While searching for motivational stuff on YouTube, I stumbled over an inspirational video by Bruce Lee – “Be like Water”. Water is a formless, shapeless liquid that can flow and that can crash. It is a basic necessity for all living beings. Clean drinking water has been recognized as a basic human right by UN in 2012 (source: www.un.org/waterforlifedecade) Unfortunately, almost 100 million homes in India lack access to clean and safe drinking water. 20% of the homes in urban India doesn’t have access to any potable water. Pity!!! Isn’t it.
For Rural area, by the guidelines, it is recommended that about 70 litres of water per capita per day will be needed to drink, cook, bathe and water the livestock. The current service level is 40 litres per capita per day. The 2017-18 budget has allotted Rs. 6050 crores to Ministry of Drinking Water and Sanitation to meet this.
On one hand the natural resources for Water are drying up quickly , on the other hand most the available water is polluted by bio and chemical waste. Water Borne diseases are the leading cause of death among children. Moreover, dirty water transmits diseases like diarrhoea, cholera, typhoid etc.

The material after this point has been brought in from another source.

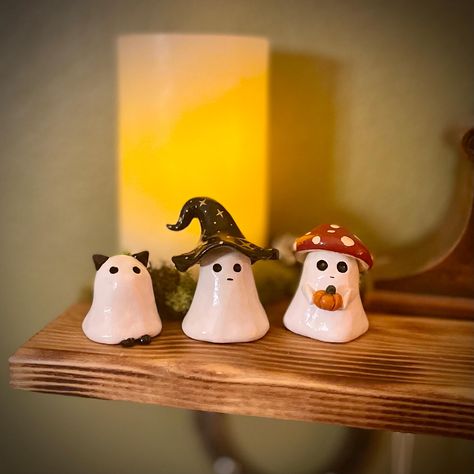 Add a playful twist to your Halloween decor with these adorable handmade  ghost figures, available in three unique styles: Ghost Cat, Ghost Witch, and Ghost Mushroom. Each figure is carefully crafted and hand-painted, bringing a touch of spooky fun and charm to your home. These ghostly characters are perfect for displaying on your mantel, shelf, or desk, adding a bit of festive spirit to any space. Whether you're a cat lover, a fan of all things witchy, or enchanted by the whimsical mushroom gho Cute Ghost Sculpture, Halloween Knick Knacks, Halloween Airdryclay Ideas, Cool Halloween Pumpkins, Hand Built Pottery Halloween, Mini Halloween Clay Ideas, Clay Ghost Tealights, Halloween Craft Gifts, Clay Crafts Simple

The stakeholders in this problems are many – Government, Companies, NGOs, Communities, Foundations, End users. While the government and many of the organizations (both for profit and not for profit) have realized the problem and is taking steps towards tackling it. It will take a lot more corporates and NGOs to join hands and eradicate this problem. For FMCG and heavy manufacturing companies investing their CSR quota in this problem might prove to be a strategic advantage.
The problem can be divided into 4 subproblems – one, bringing the water to the end users, two, making the water potable, three, augmenting and conserving water and four, tracking the actual progress.
Below are few suggestions for these sub problems one by one which can be either implemented or extrapolated.
Hand Pump versus Pipe lines: Hand pumps are more economical to install and maintain in rural areas. It doesn’t need a high skilled labour to fix it. This can save a lot of government’s money.
Underground Injection: The underground water can be pre-treated by injection of water-cleansing “good” chemicals, so that the water hatched is already safe to drink.
Water ATMs: This is a new concept of a private start-up Pi-Lo which has Water ATMs which dispense RO purified water at just Rs. 2 for 250ml. These kind of solutions need to be implemented at big scales.
Water Credits: Water based small loans provision option might be introduced with the help of co-operative banks and micro finance institutions. This will help the end user to build tanks or other water storage.
Conserving Water: The farmers can be trained in rain water harvesting and the ways for irrigation on periodic basis. Also, Waste water treatment can be introduced and volunteers can be selected among the users to work for this.
Behaviour Change Management: Having said much about the ways to bringing water to the households, the end user also needs to educated about taking the best advantage of this.
Reporting and Measuring: The gestation period of these solutions is long and also, end user will take time to adopt the new ways. The parameters must be defined to measure the progress so that the government and corporates can track the development.
Find a right partner: Not all corporates might know which is the best strategic project for them in this area. Finding a right NGO as a partner will help making good use of their money
Increase Community ownership: In the long run, more and more representatives from community itself should be encouraged to take ownership.
Encourage innovative approaches to tackle the problem: Government and Angel investors should encourage start-ups like Pi-Lo to come up with more innovative solutions like Water ATMs.
In conclusion, the problem is gigantic but if all the stakeholder join hand and bond together to tackle this, it can be resolved within a decade.